• WORK ORDER: Begin at the line where "311 Cabana Wy, Lexington, SC" appears and reproduce exactly every line through the end of the data below, both included, skipping pictures.
Segment Start: SOURCE DATA
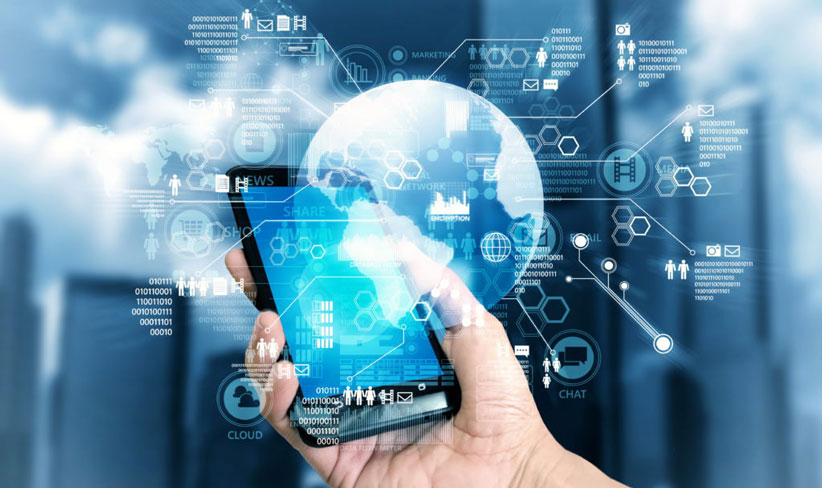 اینترنت باکیفیت؛ پیش‌نیاز عدالت آموزشی فراگیر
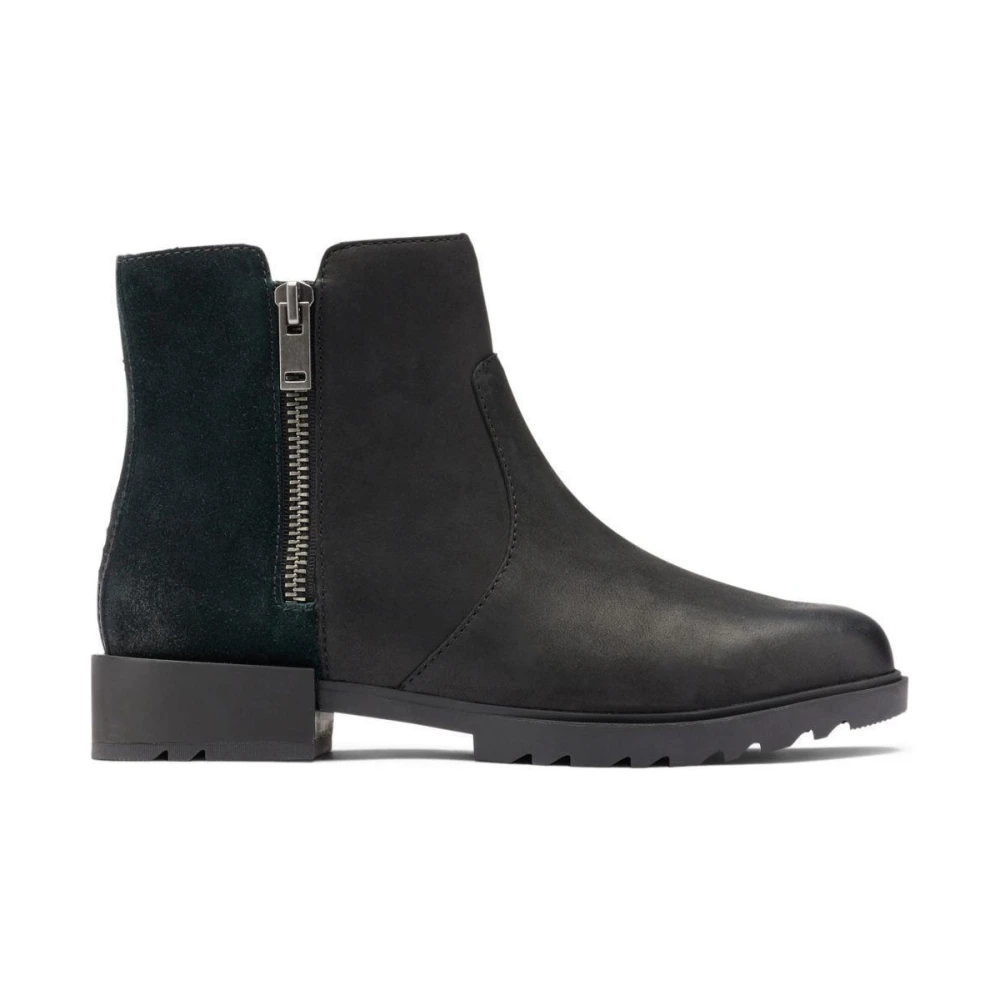 Shoes > Boots > Ankle Boots - - Sorel - Modalova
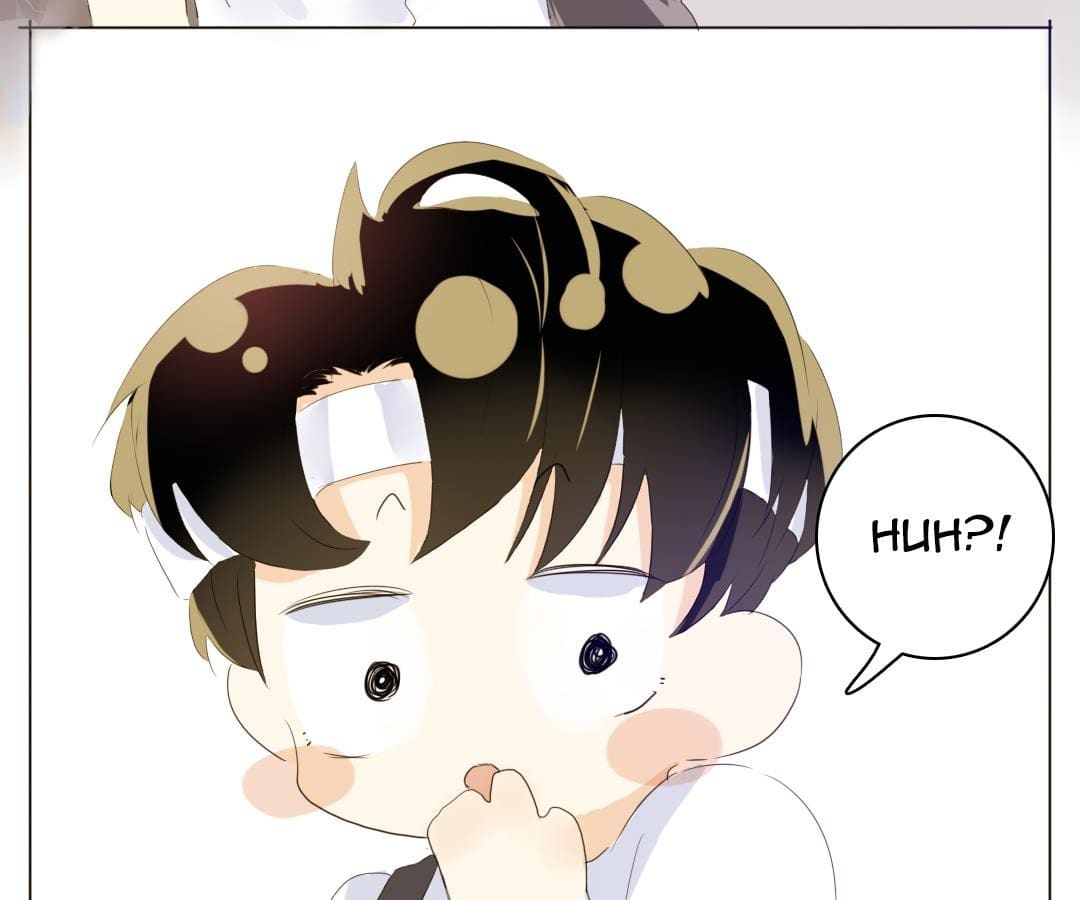 Page 8 of Chapter 44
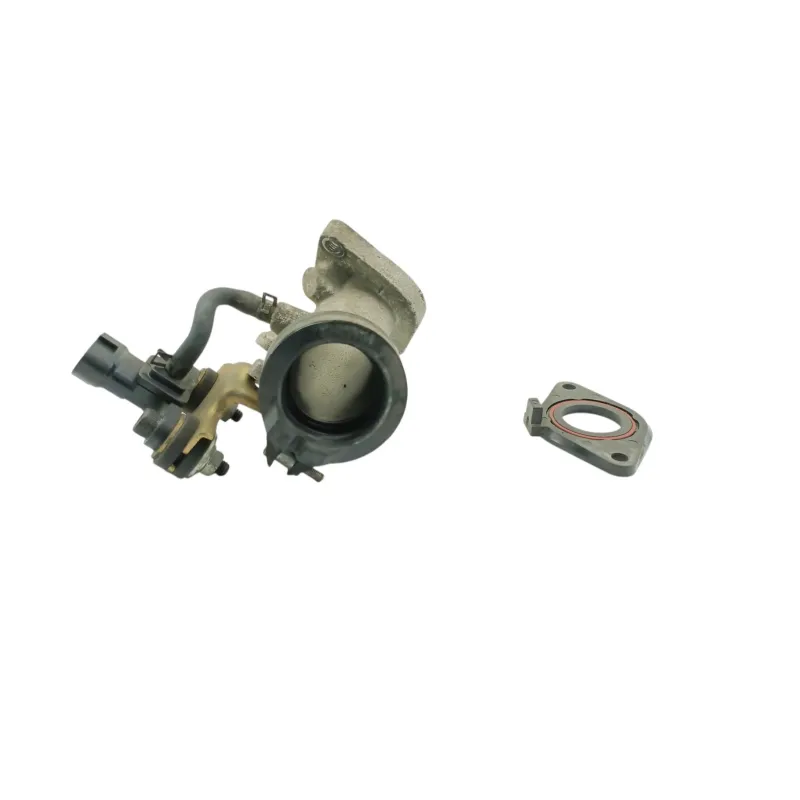 Pipe admission YAMAHA VP 125 XCITY 2008 - 2011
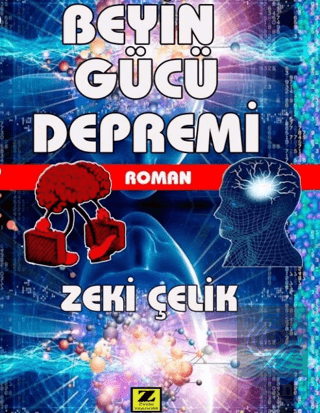 Beyin Gücü Depremi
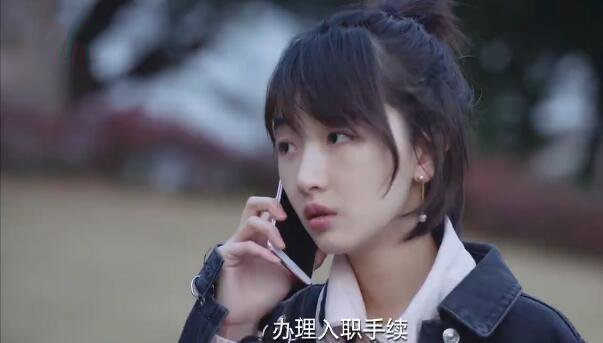 幕后之王分集剧情介绍(1-46集)大结局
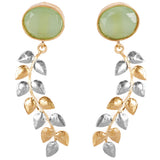APHRODITE Earrings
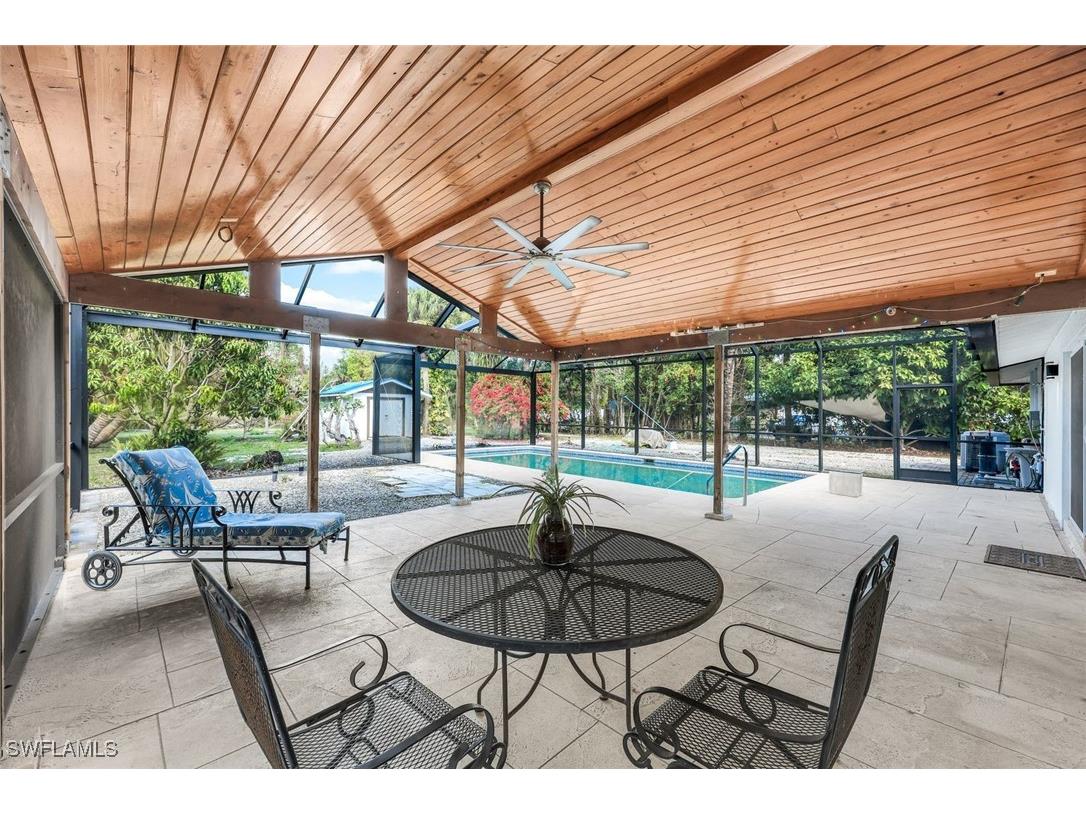 5175 Green Boulevard Naples FL 34116 225003503 image26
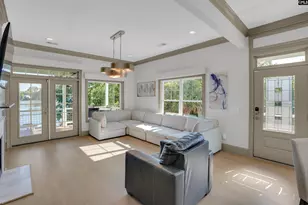 311 Cabana Wy, Lexington, SC 29072 - Photo 13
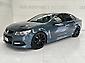2014 Holden Commodore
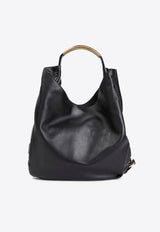 Medium Handle Me Shoulder Bag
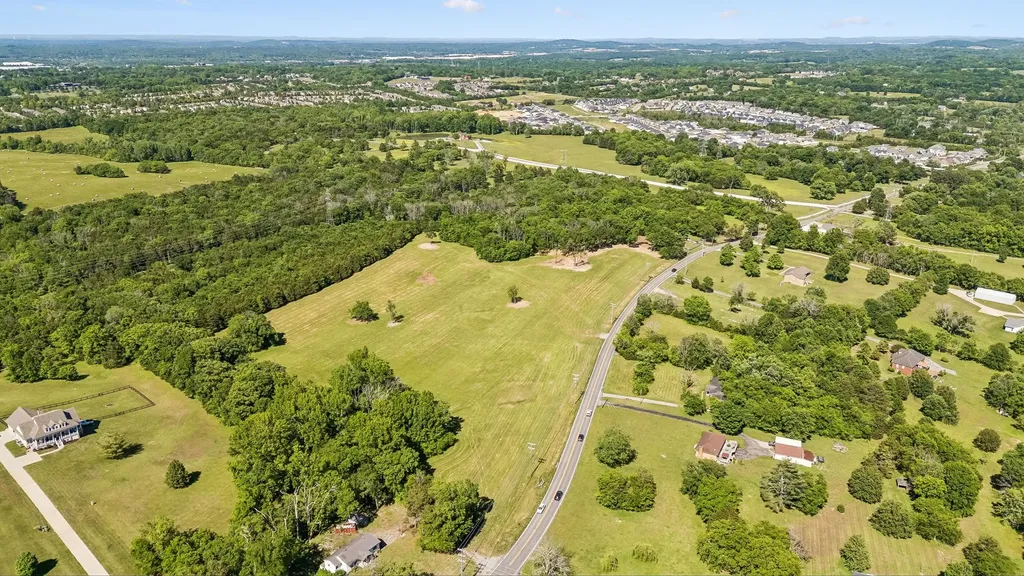 10335 Central Pike Mount Juliet TN 37122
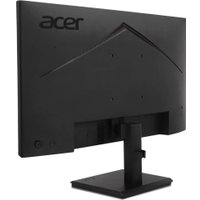 Игровой монитор Acer Vero V247YGbmipx UM.QV7CD.G07
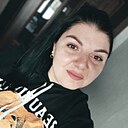 Знакомства: Элина, 31 год, Макеевка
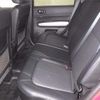 nissan x-trail 2013 -NISSAN--X-Trail NT31-324352---NISSAN--X-Trail NT31-324352- image 8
Segment End: SOURCE DATA
• EXPECTED ANSWER:
 311 Cabana Wy, Lexington, SC 29072 - Photo 13
2014 Holden Commodore
 Medium Handle Me Shoulder Bag
 10335 Central Pike Mount Juliet TN 37122
 Игровой монитор Acer Vero V247YGbmipx UM.QV7CD.G07
 Знакомства: Элина, 31 год, Макеевка
 nissan x-trail 2013 -NISSAN--X-Trail NT31-324352---NISSAN--X-Trail NT31-324352- image 8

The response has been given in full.